For about two years, Villarreal contemplated creating a women’s soccer team, but it wasn’t until September 2012 that she moved ahead with her plan. She has been working tirelessly ever since.  A go-getter by nature, she’s worked on every aspect of her team’s development—from securing partnerships with local and national businesses, to selecting Mark Carr to be the head coach and naming Kelsey Hood as the team captain.

“[Hood] is really intense as an individual,” says Villarreal.  “She’s an awesome soccer player and makes sure that everyone performs at the highest level.  That’s why I chose her.  She was also instrumental in helping me get the girls on the team.”

Tryouts concluded last month, and the team is currently practicing for their first match on Saturday, February 16, 2013 against Texas A&M in College Station.  Being the only professional women’s soccer team in the area and an exhibition team, The Nationals are scheduled to play a number of collegiate women’s soccer teams this season.  In the future, they hope to be able to play other professional teams from across the country.

Kelsey Hood (Photo Credit: The Nationals)

Kelsey Hood (Photo Credit: The Nationals)

Two home games are scheduled for this season and will be played at St. Edward’s University.  The first game will be held on Saturday, February 23, 2013 against Monterrey and the second on Friday, March 8, 2013 against St.
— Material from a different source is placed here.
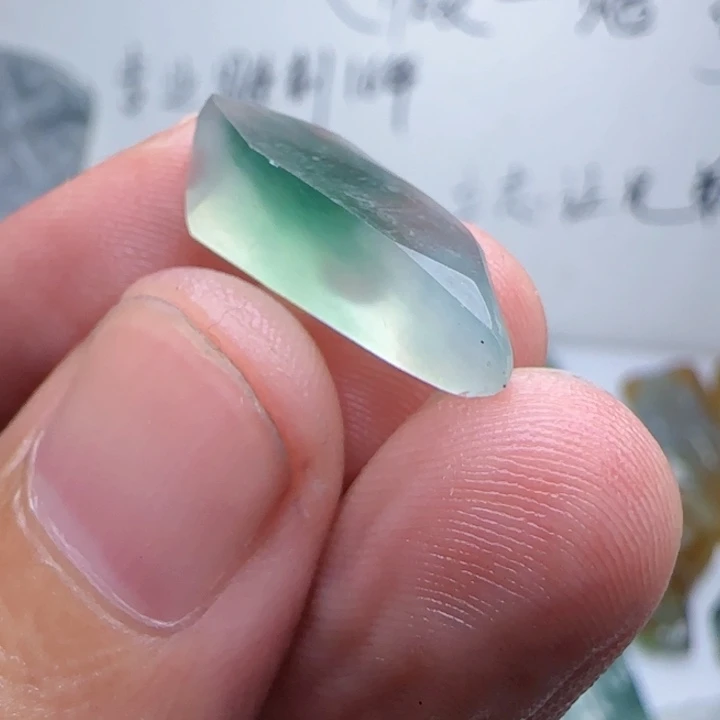 未镶嵌定制翡翠不包工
Edward’s University.

Villarreal believes the first home game will help change people’s perception of soccer.  The Nationals will compete against a Mexican youth national team.

“A team of youth boys, ages 15-16, is the cusp of where the competition can be for adult females,” says Villarreal.  “By bringing them out, we hope to get Hispanic men out to see that our girls can compete against the guys and change perception that way–let them know that we are a legitimate team.”

While her goal is to have the best professional women’s soccer team in the country, charitable giving and community involvement are just as important.  This season, the team will spend time with organizations like GENaustin, Caritas of Austin and the Greater Austin Hispanic Chamber of Commerce.  They hope to connect with the documented refugees seeking assistance from Caritas of Austin through the international sport of soccer, and they hope to show children—especially Hispanic girls—that playing sports helps build self-confidence and keeps you going in school.  By staying in school, these players were able to play soccer at the college level and earn degrees.

The Nationals (Photo Credit: The Nationals)

The Nationals (Photo Credit: The Nationals)

“We have a lot of things we are going to do in the community,” says Villarreal.  “When you meet the girls off the field, you’re going to see them in a different light.  They’re going to be real people that you can have a conversation with and form some kind of acquaintanceship with.”

Villarreal is confident that her team will show the world just how beautiful soccer really is. “Soccer is super technical,” she adds.  ”You have to be so on point and knowledgeable about the game that it can be really beautiful when a team gets to passing around the ball, and they’re stringing together 14 or 15 passes on the field.”

Passionate about providing women with an avenue to succeed as professional athletes and individuals, Villarreal organized The Nationals as an opportunity for women to play professional soccer.  She hopes female athletes who desire to be professional soccer players will one day be able to earn a good living doing it.